— Activity —
Reproduce the listing below from the line with "Panorámica Golf San" to the line with "Sanibella Yacht", both lines included, character for character, minus any pictures.

== Information ==

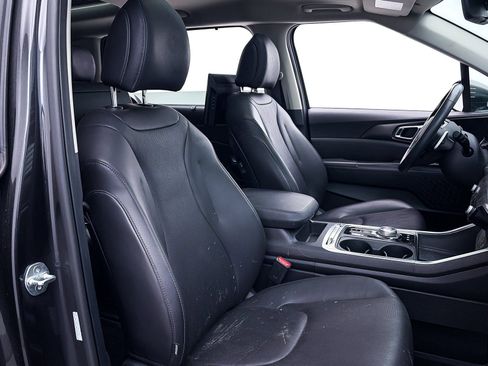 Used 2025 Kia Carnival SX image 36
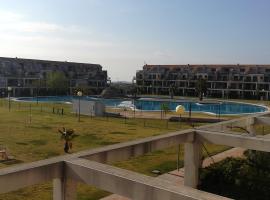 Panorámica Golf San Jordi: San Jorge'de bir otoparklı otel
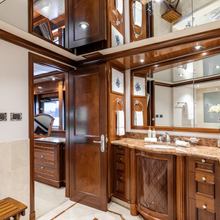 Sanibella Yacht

===
== Information ==

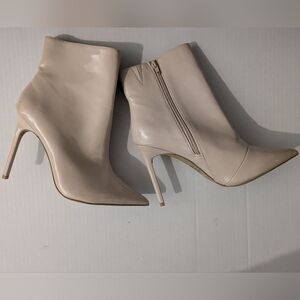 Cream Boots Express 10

===

— Answer to the problem —
 Panorámica Golf San Jordi: San Jorge'de bir otoparklı otel
 Sanibella Yacht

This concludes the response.